Im Bebauungsplanentwurf der Stadt sei entlang der Straße „Hexenberg“ ein nur drei Meter breiter Grünstreifen eingeplant. Sprock in seinem Widerspruch an die Stadt Friesoythe: „Daraus interpretiere ich die Möglichkeit, dass der zukünftige Investor die aus meiner Sicht als kulturhistorisch und wertvoll einzustufende Restwallhecke inklusive des teilweise über hundertjährigen Eichenbestandes fällen darf.“ Diese Annahme werde in den Erläuterungen zur Plankonzeption erhärtet.
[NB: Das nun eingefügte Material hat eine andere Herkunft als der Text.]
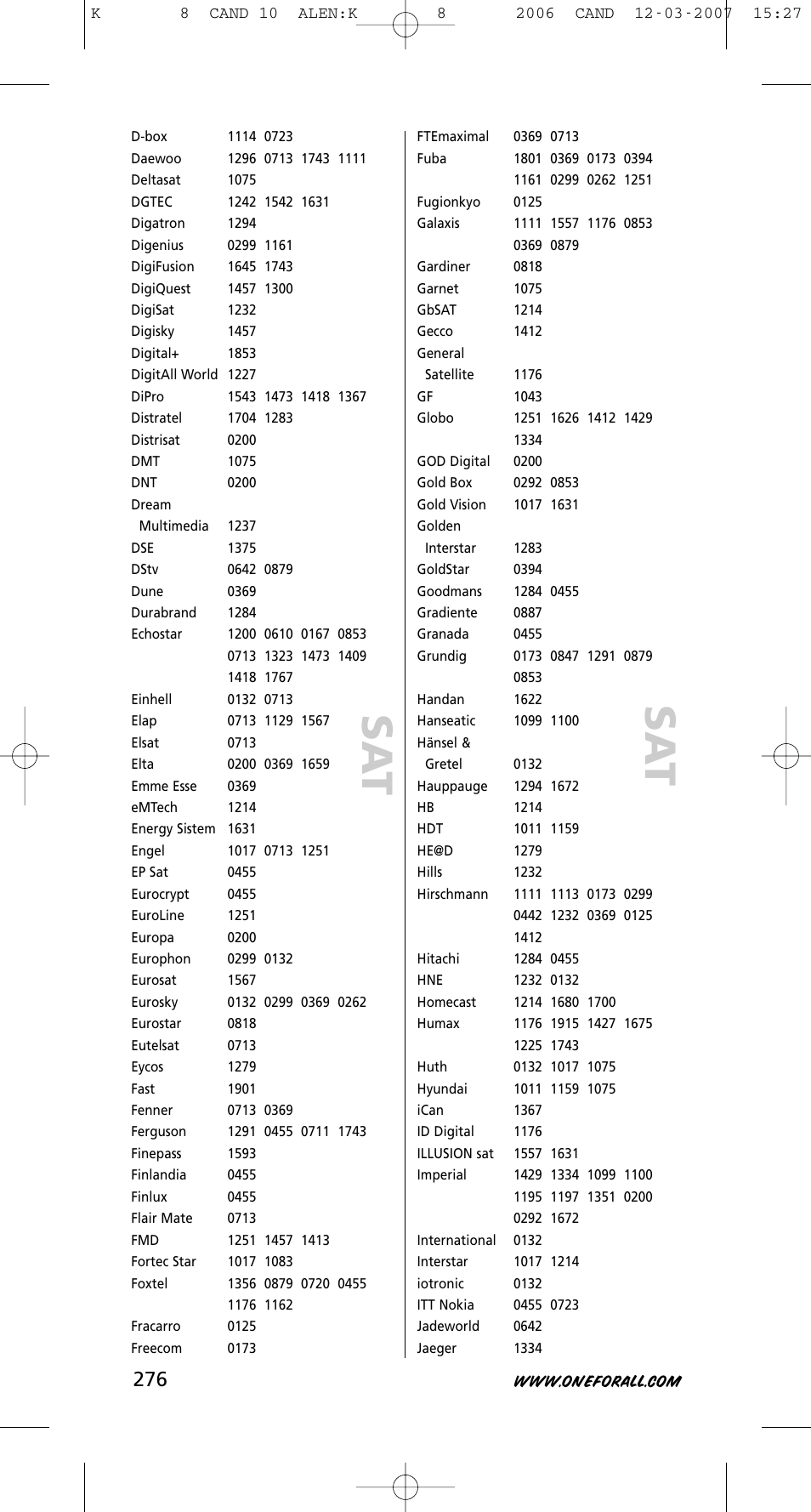 One for All KAMELEON URC-8308 User Manual | Page 277 / 293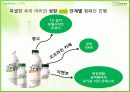매일유업 상하목장 유기농 브랜드 경영 마케팅 사례 분석 11페이지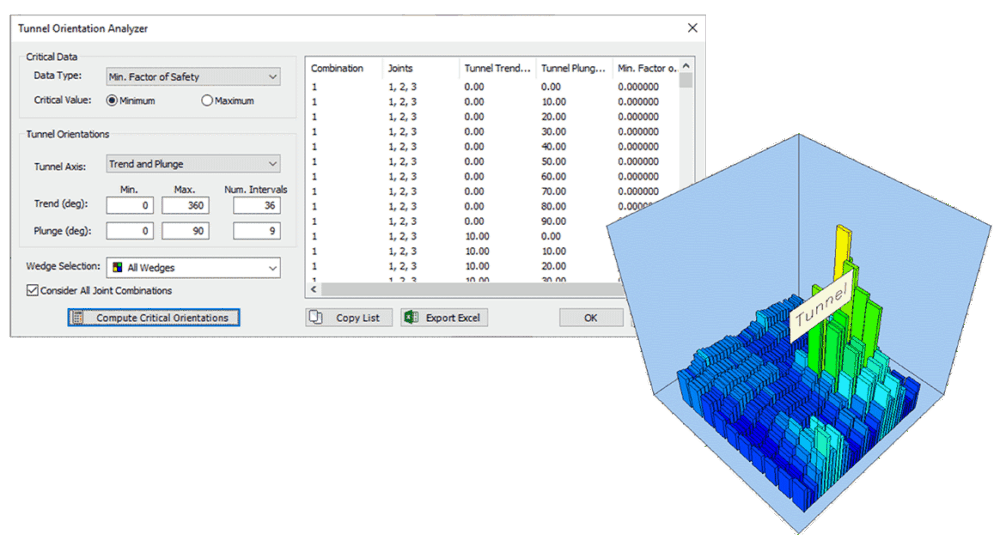 UnWedge Tunnel Orientation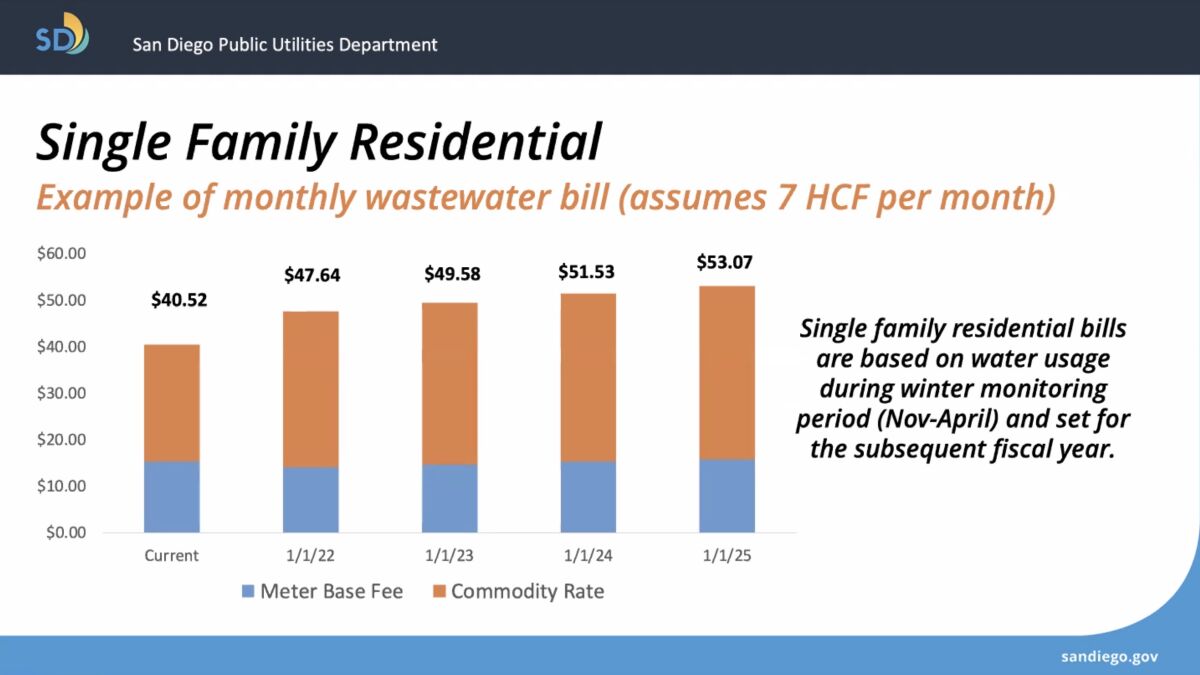 Single-family residences may see about a 17 percent increase in their wastewater bills as of Jan. 1.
Der historische Eichenbestand müsse gefällt werden, schreibt Sprock, „damit wir zukünftig noch eine weitere unnötige Möglichkeit haben, um Wurst Eier und Brötchen einzukaufen. Darauf möchte ich persönlich zum Wohle der Eichen gerne verzichten.“
Sprock äußert die Hoffnung, dass sein Einspruch dazu führt, dass sich die Stadt Friesoythe nach anderen Planungsmöglichkeiten umsieht. Dann könnten sich auch künftige Generationen an dieser „vermutlich letzten innerstädtischen Wallhecke“ erfreuen. Die Anwohner rechnen mit einer Partei übergreifenden Unterstützung ihres Anliegens durch die Mitglieder des Stadtrates, die über den Einspruch zu entscheiden hätten.